** DATA EXTRACTS **
--*--

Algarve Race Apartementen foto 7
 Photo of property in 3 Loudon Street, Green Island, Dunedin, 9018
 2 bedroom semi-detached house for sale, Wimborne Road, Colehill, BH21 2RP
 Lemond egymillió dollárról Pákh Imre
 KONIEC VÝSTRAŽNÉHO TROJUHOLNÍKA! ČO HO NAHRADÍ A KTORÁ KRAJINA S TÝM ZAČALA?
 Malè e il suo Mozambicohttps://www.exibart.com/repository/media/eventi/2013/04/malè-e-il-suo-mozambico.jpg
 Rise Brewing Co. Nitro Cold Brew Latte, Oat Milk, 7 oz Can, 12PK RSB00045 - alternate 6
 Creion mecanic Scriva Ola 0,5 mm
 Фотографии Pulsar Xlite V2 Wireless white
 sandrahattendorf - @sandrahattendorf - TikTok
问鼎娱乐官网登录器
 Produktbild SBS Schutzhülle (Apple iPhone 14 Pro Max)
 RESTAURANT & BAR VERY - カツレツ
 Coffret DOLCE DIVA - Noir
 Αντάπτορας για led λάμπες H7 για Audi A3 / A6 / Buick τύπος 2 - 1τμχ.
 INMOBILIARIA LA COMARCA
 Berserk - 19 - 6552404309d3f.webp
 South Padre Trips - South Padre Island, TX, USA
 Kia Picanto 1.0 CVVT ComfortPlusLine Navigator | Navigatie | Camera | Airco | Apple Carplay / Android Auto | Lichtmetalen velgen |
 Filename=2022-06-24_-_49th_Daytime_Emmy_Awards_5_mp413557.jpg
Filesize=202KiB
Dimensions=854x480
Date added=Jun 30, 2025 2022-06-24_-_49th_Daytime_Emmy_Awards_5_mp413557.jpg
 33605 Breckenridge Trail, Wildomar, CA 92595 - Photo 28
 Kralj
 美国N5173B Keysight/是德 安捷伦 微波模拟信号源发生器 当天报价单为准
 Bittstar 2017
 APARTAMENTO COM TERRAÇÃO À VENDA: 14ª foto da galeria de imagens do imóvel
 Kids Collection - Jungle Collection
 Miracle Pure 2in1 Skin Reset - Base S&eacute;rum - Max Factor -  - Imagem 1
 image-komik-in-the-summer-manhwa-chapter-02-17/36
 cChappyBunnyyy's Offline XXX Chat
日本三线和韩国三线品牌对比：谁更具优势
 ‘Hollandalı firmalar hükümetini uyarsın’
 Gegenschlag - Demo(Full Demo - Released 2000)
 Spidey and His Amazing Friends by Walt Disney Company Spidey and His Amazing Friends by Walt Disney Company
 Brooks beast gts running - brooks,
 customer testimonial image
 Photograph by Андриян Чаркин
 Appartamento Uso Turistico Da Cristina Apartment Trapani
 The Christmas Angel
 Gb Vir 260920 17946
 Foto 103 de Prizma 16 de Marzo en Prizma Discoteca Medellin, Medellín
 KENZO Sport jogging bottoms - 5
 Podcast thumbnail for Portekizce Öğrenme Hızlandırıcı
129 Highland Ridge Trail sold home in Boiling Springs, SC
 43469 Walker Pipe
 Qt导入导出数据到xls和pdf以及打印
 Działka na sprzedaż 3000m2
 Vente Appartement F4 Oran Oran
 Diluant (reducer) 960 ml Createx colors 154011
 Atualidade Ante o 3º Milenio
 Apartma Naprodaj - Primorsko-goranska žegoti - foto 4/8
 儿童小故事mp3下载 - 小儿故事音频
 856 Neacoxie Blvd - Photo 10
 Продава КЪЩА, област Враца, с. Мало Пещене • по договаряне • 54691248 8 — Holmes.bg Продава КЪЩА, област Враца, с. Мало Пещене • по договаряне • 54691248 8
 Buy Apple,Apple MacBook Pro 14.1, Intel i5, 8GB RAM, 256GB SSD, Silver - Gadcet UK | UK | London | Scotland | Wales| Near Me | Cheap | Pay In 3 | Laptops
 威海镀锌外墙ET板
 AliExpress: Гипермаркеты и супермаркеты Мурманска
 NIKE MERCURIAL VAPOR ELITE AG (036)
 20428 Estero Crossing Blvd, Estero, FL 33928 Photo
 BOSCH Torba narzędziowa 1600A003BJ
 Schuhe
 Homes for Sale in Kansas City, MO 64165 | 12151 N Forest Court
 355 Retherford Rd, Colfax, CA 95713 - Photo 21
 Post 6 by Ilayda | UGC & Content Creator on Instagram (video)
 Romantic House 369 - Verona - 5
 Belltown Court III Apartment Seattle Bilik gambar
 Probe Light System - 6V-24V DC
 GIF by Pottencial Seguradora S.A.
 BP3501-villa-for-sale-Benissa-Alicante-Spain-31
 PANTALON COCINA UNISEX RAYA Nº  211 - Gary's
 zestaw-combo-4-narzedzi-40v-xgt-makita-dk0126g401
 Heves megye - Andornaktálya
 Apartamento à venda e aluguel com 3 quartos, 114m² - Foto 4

--*--

** TASK BRIEF **
With "Apple" as the search string, filter the records and return each line that has it.

** SOLUTION TO THIS PROBLEM **
 Produktbild SBS Schutzhülle (Apple iPhone 14 Pro Max)
 Kia Picanto 1.0 CVVT ComfortPlusLine Navigator | Navigatie | Camera | Airco | Apple Carplay / Android Auto | Lichtmetalen velgen |
 Buy Apple,Apple MacBook Pro 14.1, Intel i5, 8GB RAM, 256GB SSD, Silver - Gadcet UK | UK | London | Scotland | Wales| Near Me | Cheap | Pay In 3 | Laptops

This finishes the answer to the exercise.